11. Histogram with Custom Bin Ranges

You can specify custom bin edges by passing a list to the bins parameter. This gives you full control over the range and size of each bin.

# Custom bin ranges
custom_bins = [-3, -1, 0, 1, 3]

plt.figure(figsize=(8, 5))
plt.hist(data, bins=custom_bins, color='darkcyan', edgecolor='black')
plt.xlabel("Value")
plt.ylabel("Frequency")
plt.title("Histogram with Custom Bin Ranges")
plt.show()

In this example:

  • bins=custom_bins uses custom bin edges to define the bins.

12. Adding Annotations to a Histogram

Annotations help in displaying additional information, such as the count of each bin directly on the bars.

# Histogram with annotations
plt.figure(figsize=(8, 5))
counts, bins, patches = plt.hist(data, bins=30, color='royalblue', edgecolor='black')

# Annotate each bar with its count
for count, bin, patch in zip(counts, bins, patches):
    plt.text(bin + 0.1, count + 1, str(int(count)), ha='center', color='black')

plt.xlabel("Value")
plt.ylabel("Frequency")
plt.title("Histogram with Annotations")
plt.show()

In this example:

  • plt.text() places the count of each bin above the corresponding bar.

13. Histogram with a Legend

Adding a legend to a histogram helps when displaying multiple datasets or providing more context to a single histogram.

# Histogram with legend
plt.figure(figsize=(

8, 5))
plt.hist(data1, bins=30, color='skyblue', alpha=0.6, label="Dataset 1")
plt.hist(data2, bins=30, color='salmon', alpha=0.6, label="Dataset 2")
plt.xlabel("Value")
plt.ylabel("Frequency")
plt.title("Histogram with Legend")
plt.legend()
plt.show()

In this example:

  • plt.legend() provides a legend to differentiate between data1 and data2.

14. Multiple Histograms with Subplots

If you want to compare several histograms side by side, using subplots is an effective approach.

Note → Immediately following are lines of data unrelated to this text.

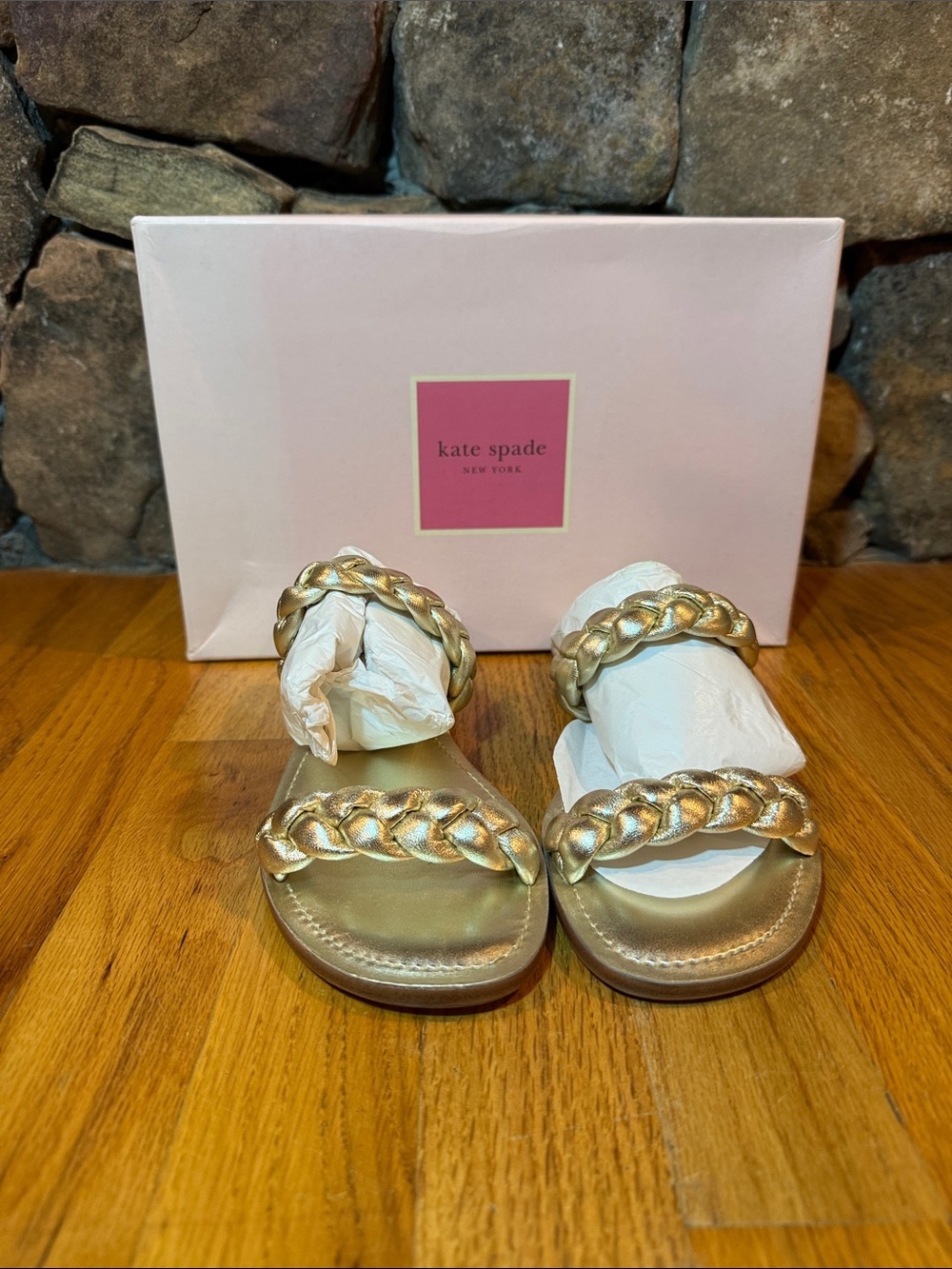 Kate Spade Metallic Leather Size 6 New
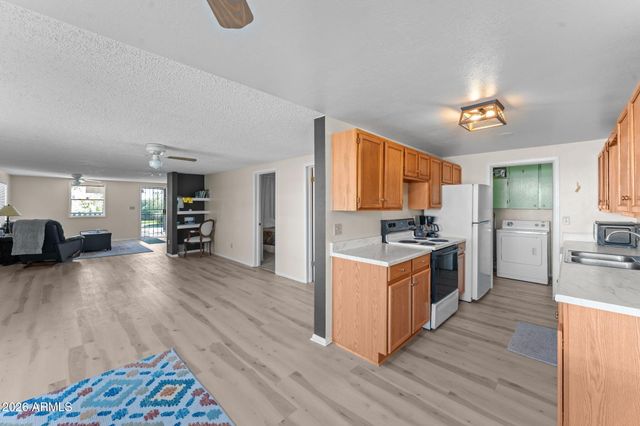 26810 S CHITTENDEN Street, Congress, AZ 85332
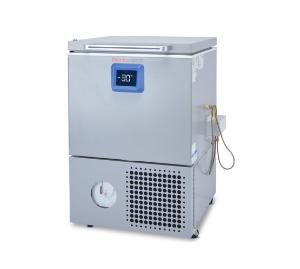 CO2 backup system connection on chest ULT freezers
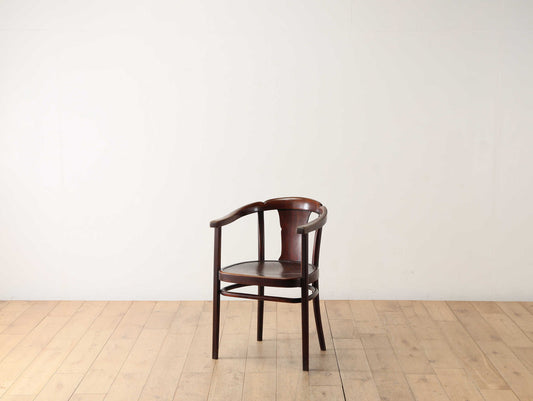 THONET ベントウッドアームチェア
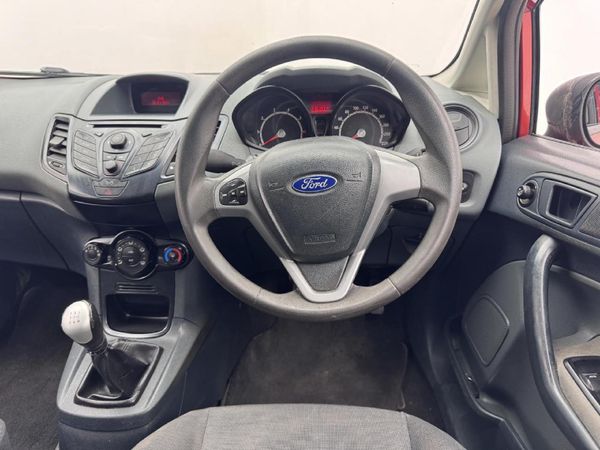 2010-Ford-Fiesta-14i-Ambiente-5-dr image:8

# Subplots for multiple histograms
fig, (ax1, ax2) = plt.subplots(1, 2, figsize=(12, 5))

# First histogram
ax1.hist(data1, bins=30, color='skyblue', edgecolor='black')
ax1.set_title("Histogram of Dataset 1")
ax1.set_xlabel("Value")
ax1.set_ylabel("Frequency")

# Second histogram
ax2.hist(data2, bins=30, color='salmon', edgecolor='black')
ax2.set_title("Histogram of Dataset 2")
ax2.set_xlabel("Value")

plt.suptitle("Comparison of Multiple Histograms")
plt.tight_layout()
plt.show()

In this example:

  • plt.subplots(1, 2) creates two histograms side by side, allowing for easy comparison.

Summary

In this tutorial, we covered various ways to create and customize histograms in Matplotlib:

  1. Basic Histogram to show the distribution of values.
  2. Adjusting Bin Size to change the level of detail.
  3. Custom Colors and Transparency for visual customization.
  4. Density Histogram to show proportions instead of counts.
  5. Overlaying a Density Line on a histogram for a smoothed view.
  6. Multiple Histograms on the same plot with transparency.
  7. Stacked Histogram to add up categories.
  8. Cumulative Histogram for cumulative distribution.
  9. Horizontal Histogram for a rotated view.
  10. Logarithmic Scale for large variances.
  11. Custom Bin Ranges to control specific intervals.
  12. Adding Annotations to show the count for each bin.
  13. Legend for Multiple Datasets to provide context.
  14. Multiple Histograms with Subplots for side-by-side comparisons.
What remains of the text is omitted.